Work Authorization & Export Compliance. As you know, U.S. law requires you to obtain an L-1 visa that will authorize you to work in the U.S. We understand this is a reasonably quick process and Esterline will pay related legal fees and other costs. We will also ask our Ethics and Compliance Manager to help you with any trade compliance requirements that might apply to your work in the U.S.
Executive Physical. Esterline requires all U.S.-based corporate officers, presidents and general managers to have an annual physical exam, as explained in the enclosed policy and exam report form. While we cannot require it of you due to French law, we recommend it as a benefit to yourself and to the corporation. If you choose to have an exam, please have your doctor return the report form to Suzanne Farraj in Bellevue.
Administrative Matters. There are a few other employment conditions and administrative matters that also need your attention.

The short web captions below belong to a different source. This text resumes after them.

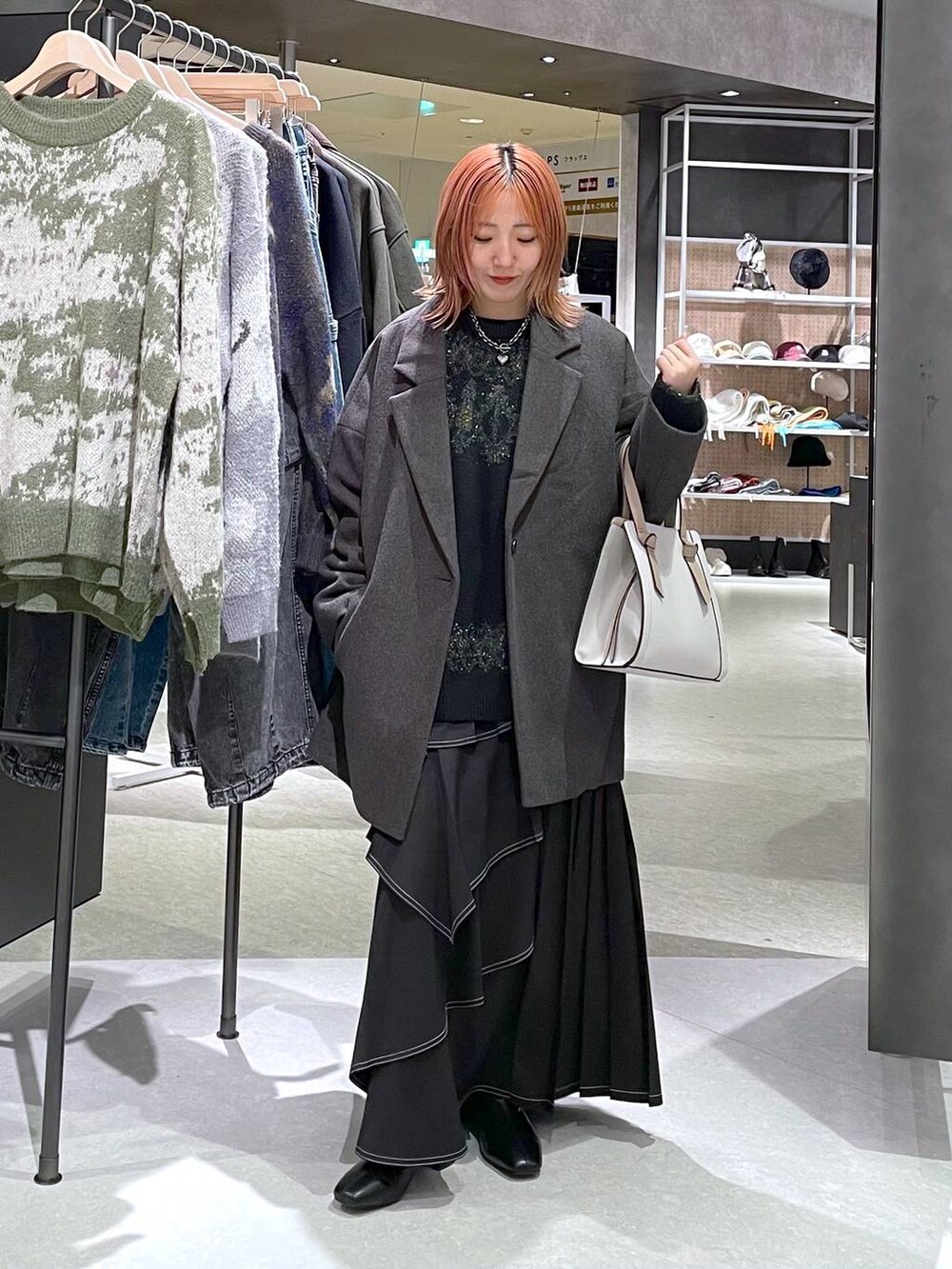 グレー系のテーラードジャケット、ブラック系のブーツ、ブラック系のスカートを着用したレディースの冬コーディネートの2枚目の写真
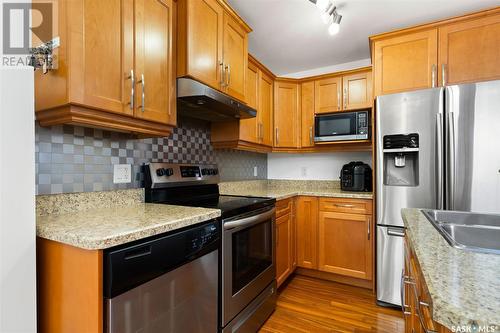 5028 Aerial Crescent, Regina, SK - Indoor Photo Showing Kitchen With Double Sink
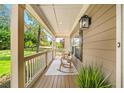 Relaxing front porch with rocking chairs offering a serene outdoor space at 925 Upper Hembree Rd, Roswell, GA 30076
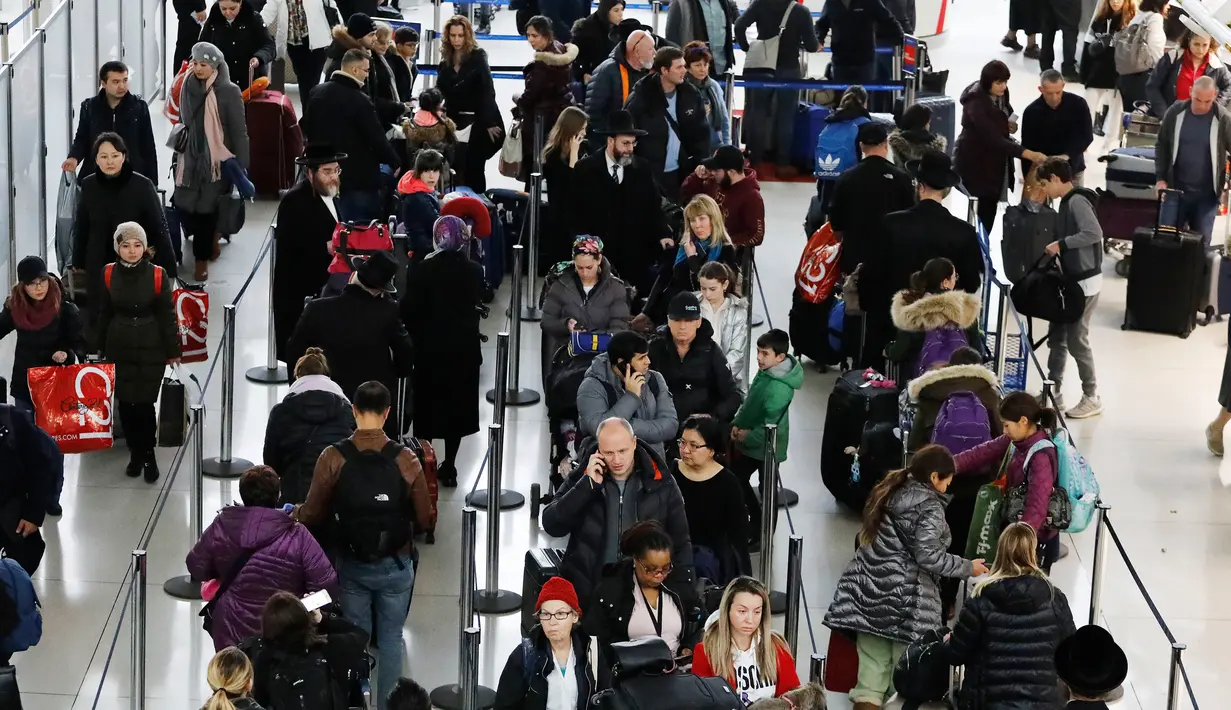 Antrean wisatawan untuk melakukan check in di Bandara Internasional John F. Kennedy, New York, Rabu (21/11). Masyarakat Amerika mulai bergegas pulang ke kampung halamannya alias mudik untuk merayakan Thanksgiving Day. (AP/Mark Lennihan)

Please read, sign, and return the following to Suzanne Farraj:
— | Copy of this memo |
— | Confidential Information and Inventions Assignment Agreement |
— | Summary of Outside Business Interests |
— | Ethics code acknowledgement card |
Future Changes. This new position and its terms fit the corporation’s needs well, as we can best foresee them. Nevertheless, the company’s growth, its future business challenges, and certain leadership succession decisions could result in a different executive assignment and title for you in the future. In short, the corporate organization is evolving fairly rapidly and with limited predictability. If I see a change developing that could affect your role, I will certainly speak to you about it as early as I reasonably can, and solicit your ideas.
General Policies. This offer includes and is contingent on satisfactory completion of the various forms and agreements enclosed here. Except as specifically provided in this memorandum, other aspects of your employment will be the same as those that apply to our corporate staff. We are all employed at-will, and the officers serve at the pleasure of the Board for one-year terms, subject to company by-laws.
Welcome. Alain, the other officers andIhave long admired your work and enjoyed working with you. We look forward to continuing and strengthening those relationships in your new position. I believe you will find your new position challenging and diverse, with opportunity for continued career growth benefits for you and your family.
Congratulations on your well-earned success.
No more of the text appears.